**Provided information**
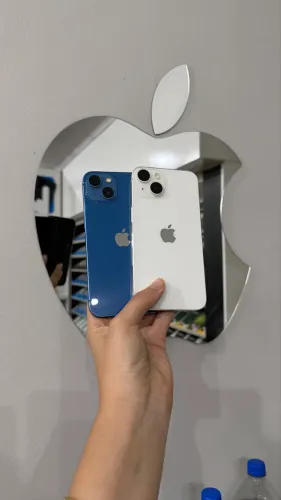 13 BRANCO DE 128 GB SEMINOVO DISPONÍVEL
---
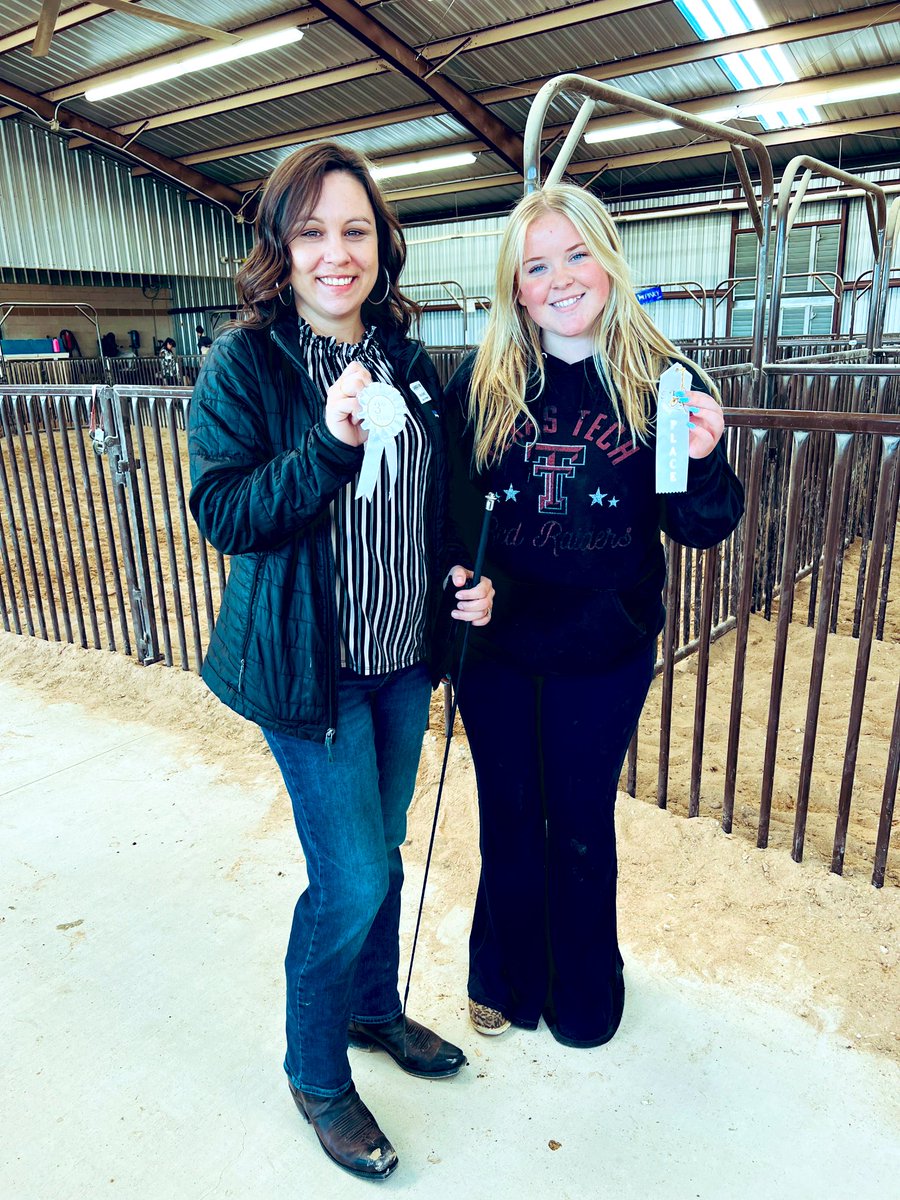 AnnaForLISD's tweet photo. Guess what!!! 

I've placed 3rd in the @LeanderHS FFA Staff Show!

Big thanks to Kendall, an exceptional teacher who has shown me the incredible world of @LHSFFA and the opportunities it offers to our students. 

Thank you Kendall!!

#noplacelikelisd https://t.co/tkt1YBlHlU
...
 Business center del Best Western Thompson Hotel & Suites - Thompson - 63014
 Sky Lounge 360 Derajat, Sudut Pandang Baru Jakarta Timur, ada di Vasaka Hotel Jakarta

**Instructions for the task**
From the listing above, copy out each line where the word "Hotel" appears.

**Result for this task**
 Business center del Best Western Thompson Hotel & Suites - Thompson - 63014
 Sky Lounge 360 Derajat, Sudut Pandang Baru Jakarta Timur, ada di Vasaka Hotel Jakarta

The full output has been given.